Qui a donné ordre aux soldats de la FOSSEPEL d’être si violents à l’égard de militants non armés pour leur appartenance ethnique ou politique ?
Ironie du sort, c’est Jean Marie Doré, le Premier Ministre de la transition désignée par les Forces Vives (victime de la barbarie des gardes présidentielles du capitaine Dadis Camara le 28 septembre 2009) qui se trouve aujourd’hui à l’origine de ce crime de Droit de l’Homme. Il s’est rendu directement responsable par ces propos « J’ai ordonné aux forces de l’ordre (FOSSEPEL) d’agir par TOUS LES MOYENS pour réprimer les manifestations ». A travers ces 3 mots, l’ordre de mission d’aller tuer, blesser, piller sur fond ethnique dans le but d’intimider était donné sans ambages.
Pour cette erreur fatale, nous nous désolidarisons officiellement Jean Marie Doré et à son Gouvernement confusionniste et criminel. Nous profitons de l’occasion pour faire appel aux ministres progressistes de rendre leur tablier purement et simplement au risque de cautionner ce nouveau dérapage qui sonne le glas de ce gouvernement de transition.
Nous déplorons les évènements liés à la contamination des militants de l’Alliance Arc en ciel au palais du peuple, et les conséquences dramatiques qui en découlent à travers des affrontements entre Malinkés et Peuhls. Que lumière soit faite par la justice sur cette affaire assez troublante. Nous savons que les affrontements inter ethniques sont la résultante des propos d’incitation à la haine raciale proférés par certains cadres de l’Alliance Arc-en ciel qui ont désigné dès la première minute des peuhls responsables de la contamination sans apporter de preuves, mais toujours dans le but de monter l’une des ethnie contre l’autre. C’est un triste jeu qui rappelle les ingrédients qui ont conduit au génocide rwandais de 1994. Nous n’y gagnerons rien sinon que sombrer tous dans l’abîme.
Nous condamnons toute forme d’incitation à la haine raciale de quelconque provenance. Ceux qui se livrent à ce jeu qui consiste à manipuler des pauvres citoyens analphabètes dans le but de détruire ce que nous avons de plus commun, l’unité nationale, ne resteront pas impunis.
Nous dénonçons par la même, l’agression gravissime de la Garde présidentielle à l’encontre de M. Aliou BARRY, Président de l’Observatoire National des Droits de l’Homme en Guinée, ce qui prouve à suffisance la chasse aux sorcières contre tout ce qui œuvre pour le respect des Droits de l’Homme et le retour à l’ordre constitutionnel dans notre pays.
Par ailleurs, nous saluons la condamnation de Lounceny Camara par le tribunal de Dixinn, pour fraudes électorales lors du premier tour du 27 juin 2010. Le bilan désastreux de cet individu ayant passé seulement un mois à la présidence de la CENI est connu de tous aujourd’hui (Fausses listes électorales, confiscation du matériel électoral, disparitions tragiques d’ordinateurs etc.).
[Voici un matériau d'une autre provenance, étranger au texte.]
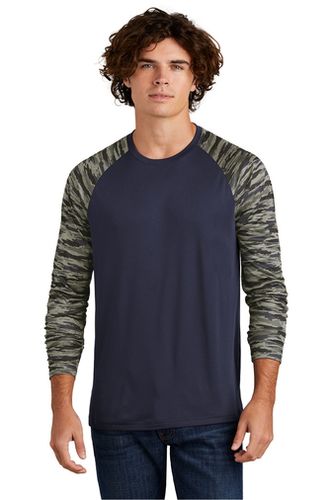 MEN'S Sport-Tek Drift Camo Colorblock Long Sleeve Tee - ST376LS image thumbnail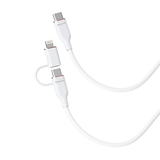 iEngage Super Soft Silicone C To Usb-C Cable W/Lightning Adapter Wt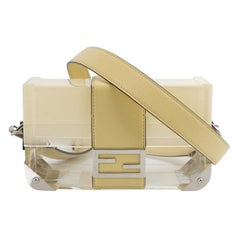 Fendi Baguette Mini Box Yellow/Clear Acrylic Plexiglass & Leather Crossbody Bag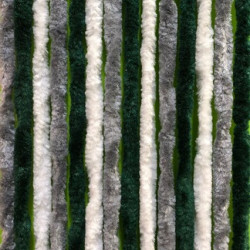 Fluffy curtain 56x185 Grey/Dark Green/White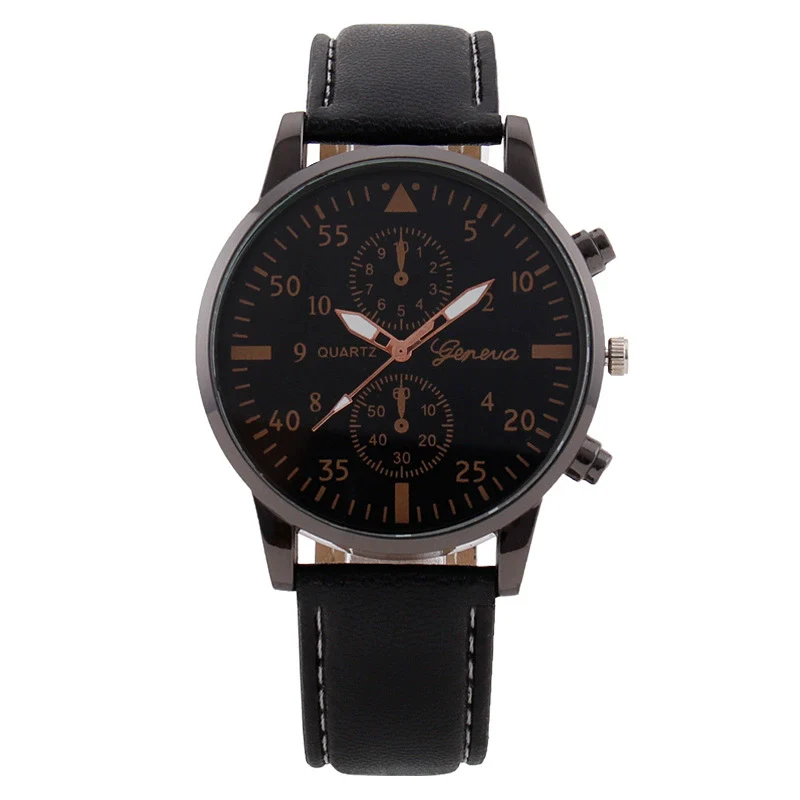 Men's Fashion Quartz Watch With Metal Case Imitation Leather Strap And Stainless Steel Buckle Round Dial - Image 8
Cet individu avait une mission inavouée aux conséquences cyniques pour notre pays, car la fraude électorale est la pire des choses à craindre pour notre pays. Nous invitons les autorités judiciaires à donner force d’exécution à cette condamnation.
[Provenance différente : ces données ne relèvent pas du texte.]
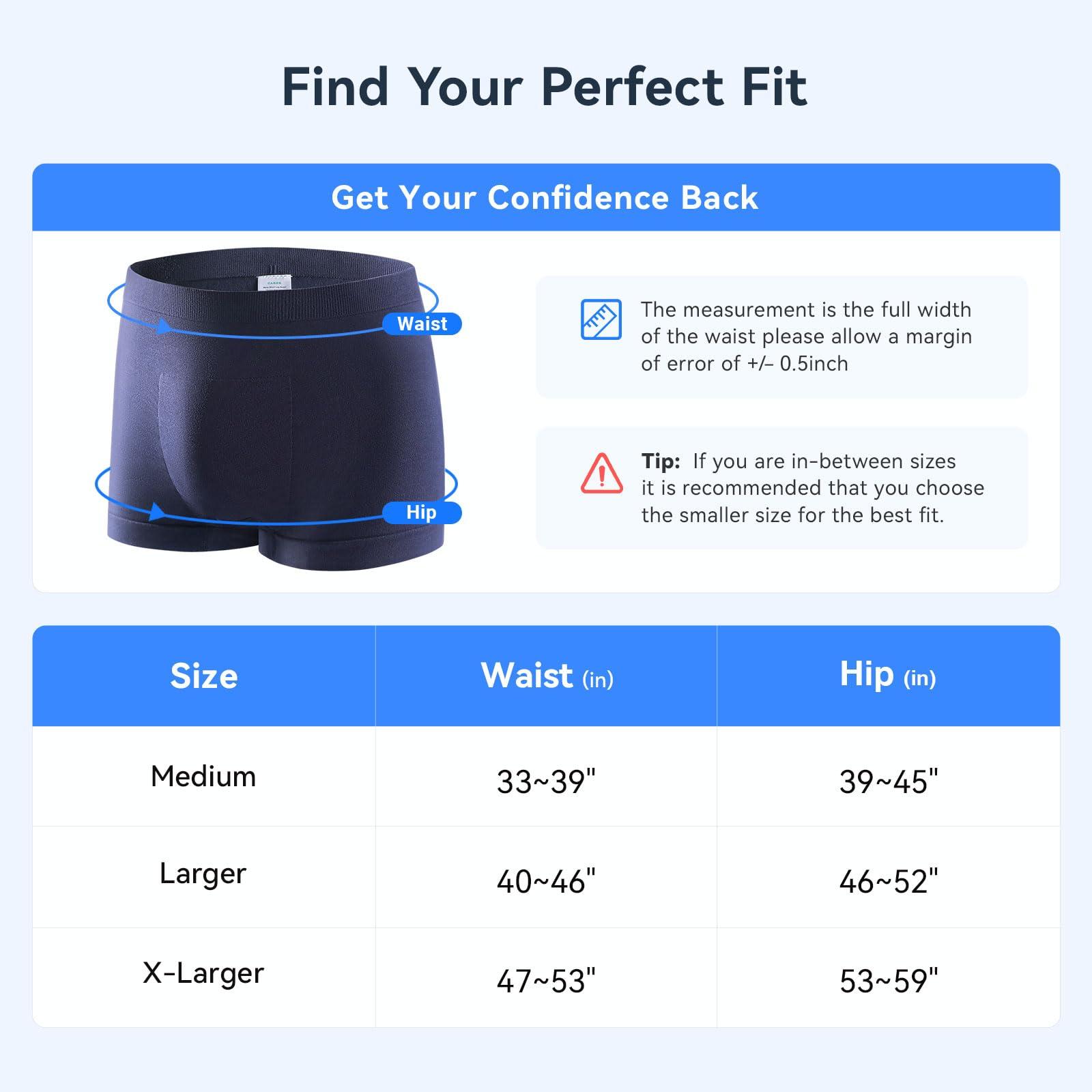 CARER Healthcare Incontinence Pregnancy Incontinence Underwear for Men Washable Mens Incontinence Underwear Reusable Modal Seamless Mens Urinary Incontinence Boxer Briefs Underwear with Front Absorbent Area, 2 Pack (Blue, X-Large)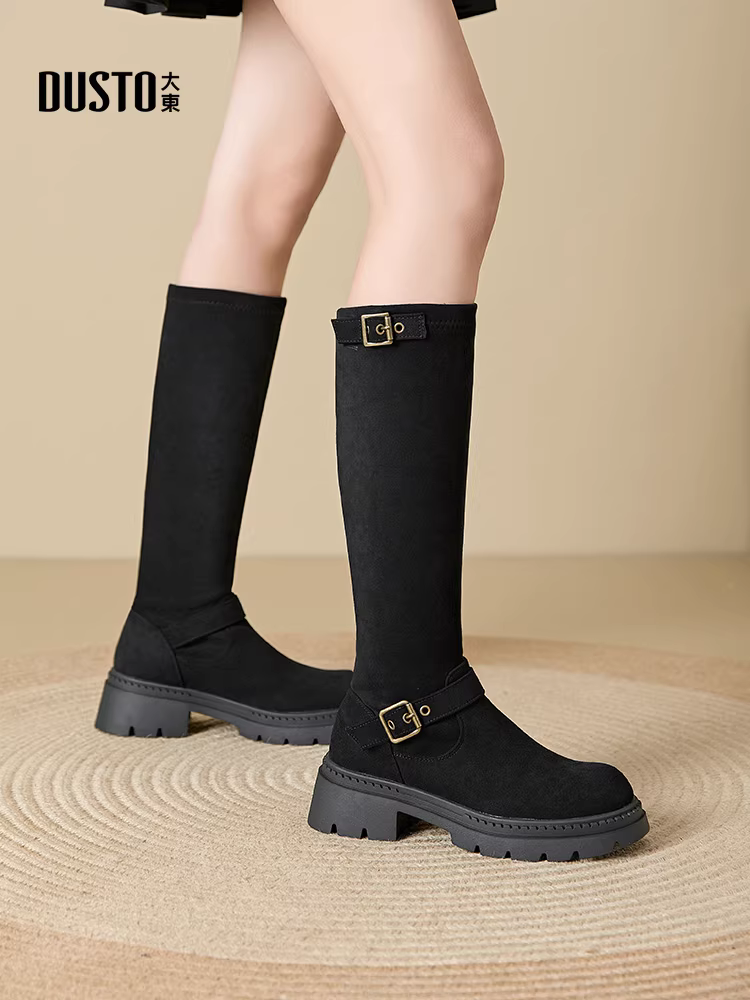 Giày bốt dài màu đen Dadong dành cho nữ 2025, mẫu mới thu đông, kiểu ôm sát, đế dày, cổ cao, kiểu đi xe.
Et par conséquence, nous apportons notre soutien au nouveau président de la CENI, le Colonel malien Siaka Toumani Sangaré pour sa mission réparatrice de la fraude minutieusement préparée par son prédécesseur. Il faut que le nouveau président reste imperturbable, qu’il applique le code électoral à la lettre afin d’offrir à notre pays, le premier Président démocratiquement élu.